Day 20 (Cycling Arsonist)

This slideshow requires JavaScript.

I got off to kind of a late start today. I didn’t end up leaving Mary Beth’s until about noon, and then had to stock up on some groceries. I reached another crossroads on the trip. I really want to see Roswell for the obvious reason that I want to believe. I also want to head south to El Paso because everyone keeps telling me it’s unsafe and not to go. I am allured to places like that, but I’m also allured to aliens. It’d be unrealistic to see both so I had to choose. Naturally, a choice like this could only be decided by a coin toss. Lincoln’s face. Roswell won. I kind of wanted it to. The downside to Roswell is that it’s north of my location and I would have to climb quite a few mountains to reach it. I was up for the task; I just hope it ends up being worth it.

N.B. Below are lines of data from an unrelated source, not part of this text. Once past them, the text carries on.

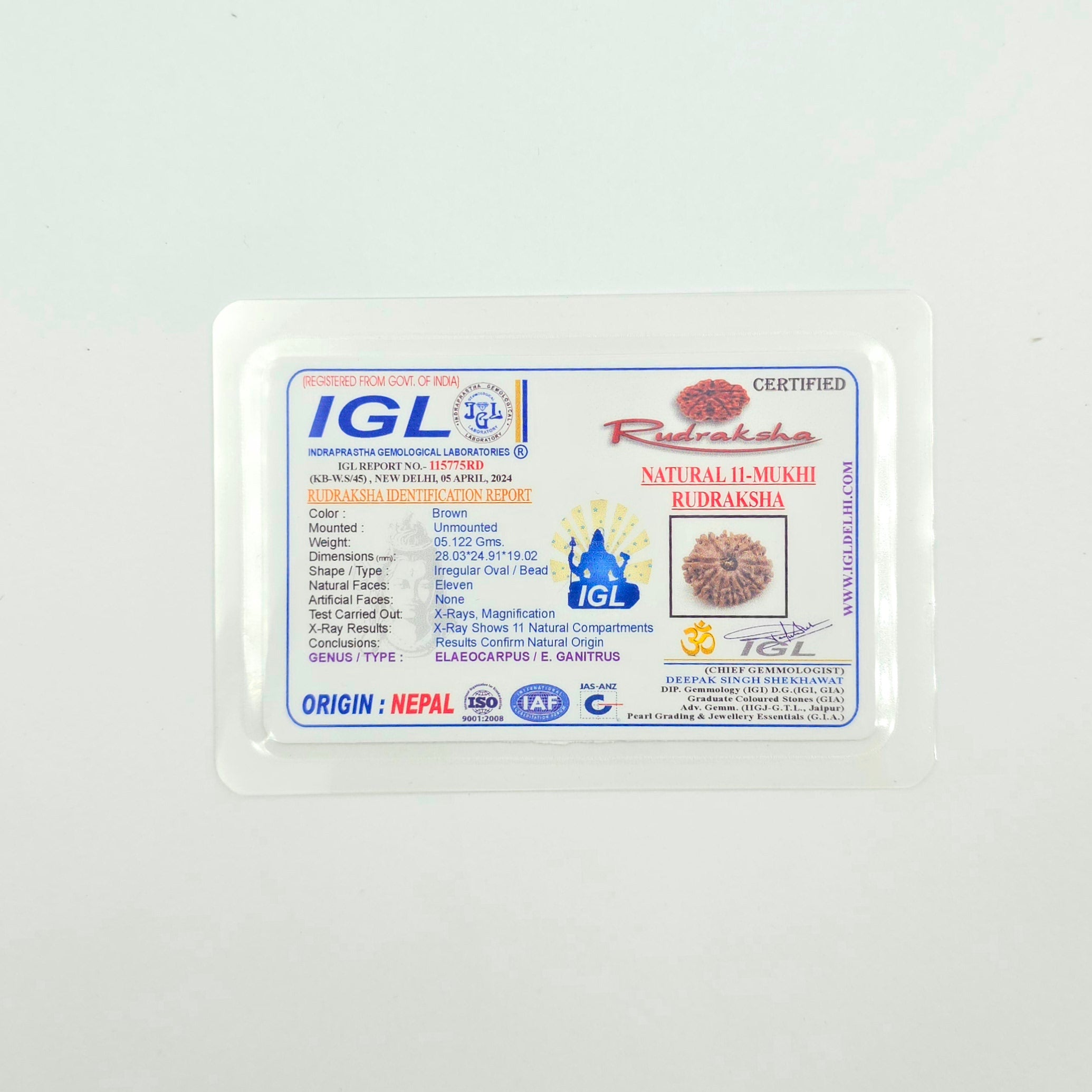 11 Mukhi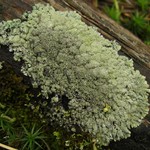 Parmeliopsis hyperopta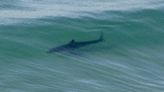 Distance swimmer hospitalized after shark attack off Del Mar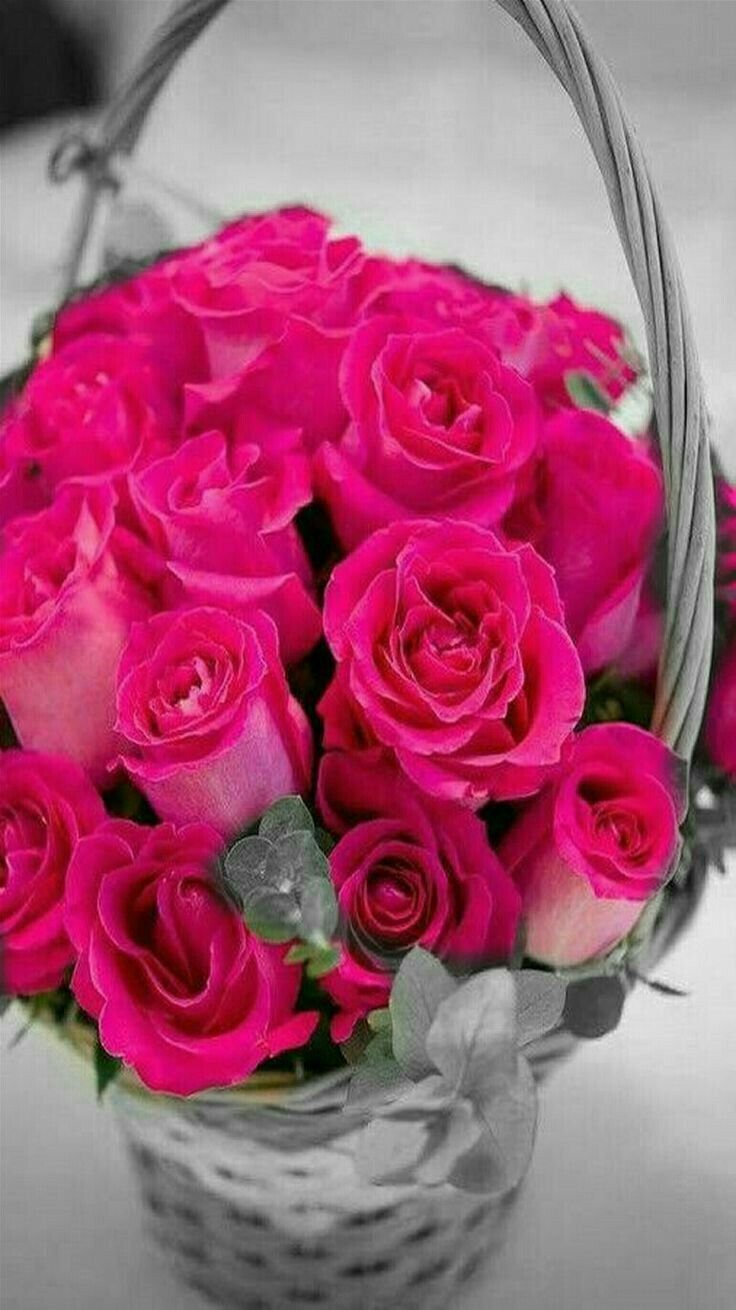 Роза шикарная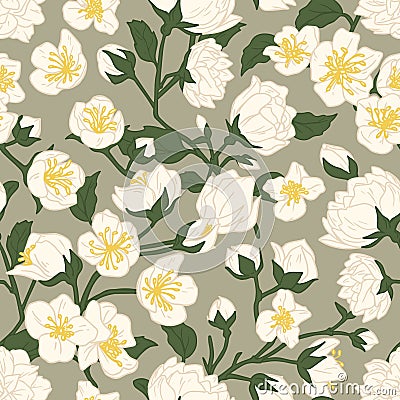 Seamless pattern of blossomed white jasmine flowers. Design of floral repeatable background for printing. Endless Cartoon Illustration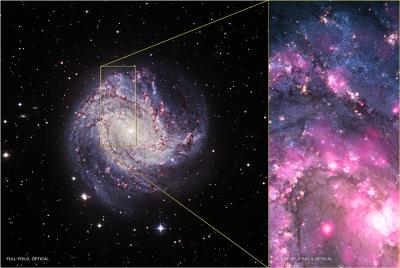 ULX in M83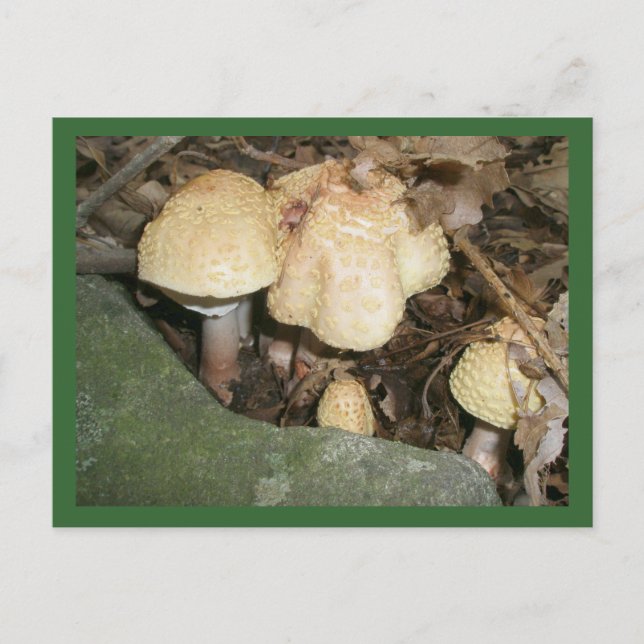 Tarjeta postal Warts Mushrooms (Anverso)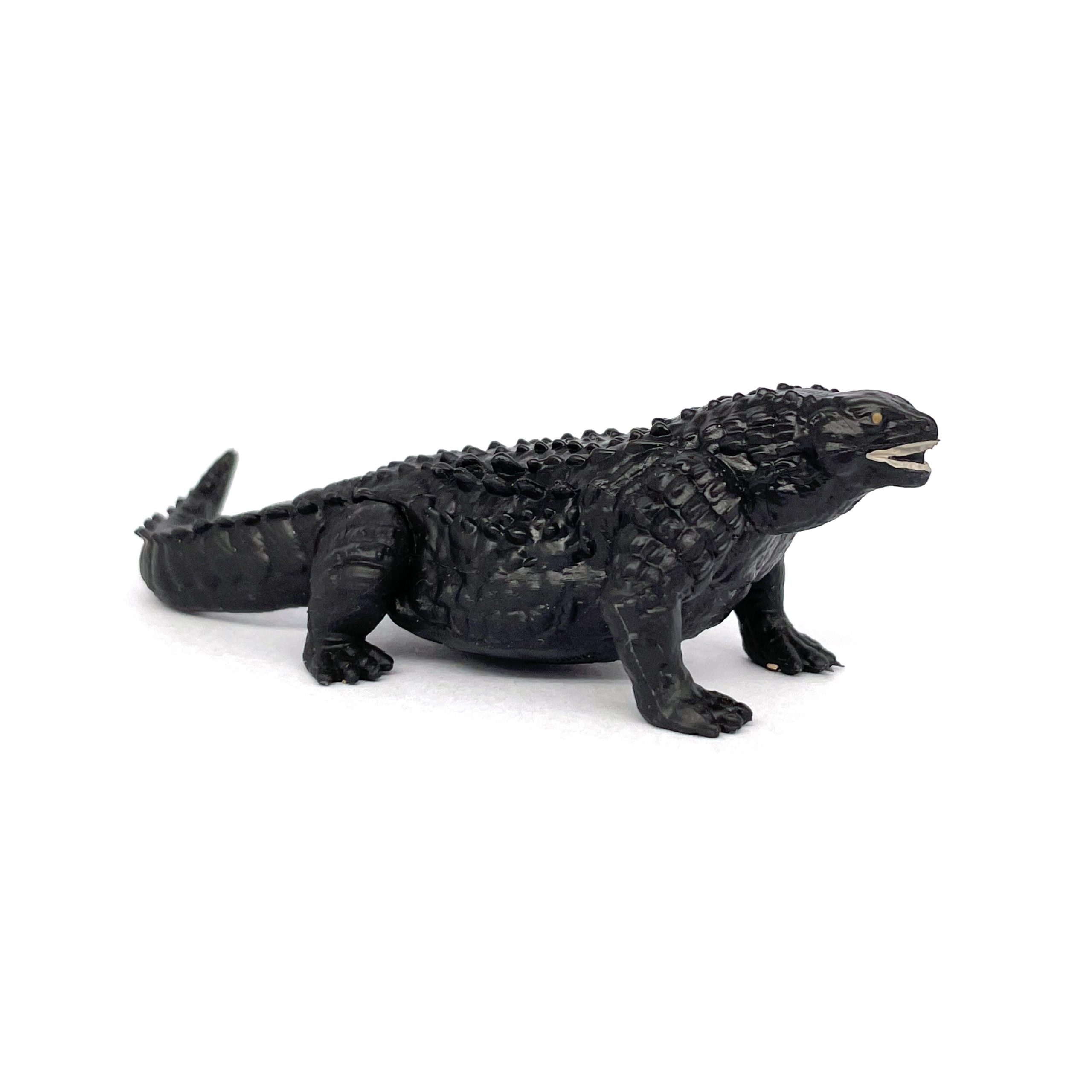 35770_1-scaled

Right when I left Las Cruces I was riding uphill for about 25 miles. This took us the majority of the day, but I reached the summit a little after 4pm. This is the first time on this trip back that I reached a designated summit sign. I thought back to my ride with Yaris and how it was imperative for him to take a photograph of him posing next to each one we passed. Why? Well first of all, to show how much we climbed, but more importantly so he could print them all out and line his bathroom wall with them. His logic? He wanted to stare at them every time he pooed. Absolutely brilliant.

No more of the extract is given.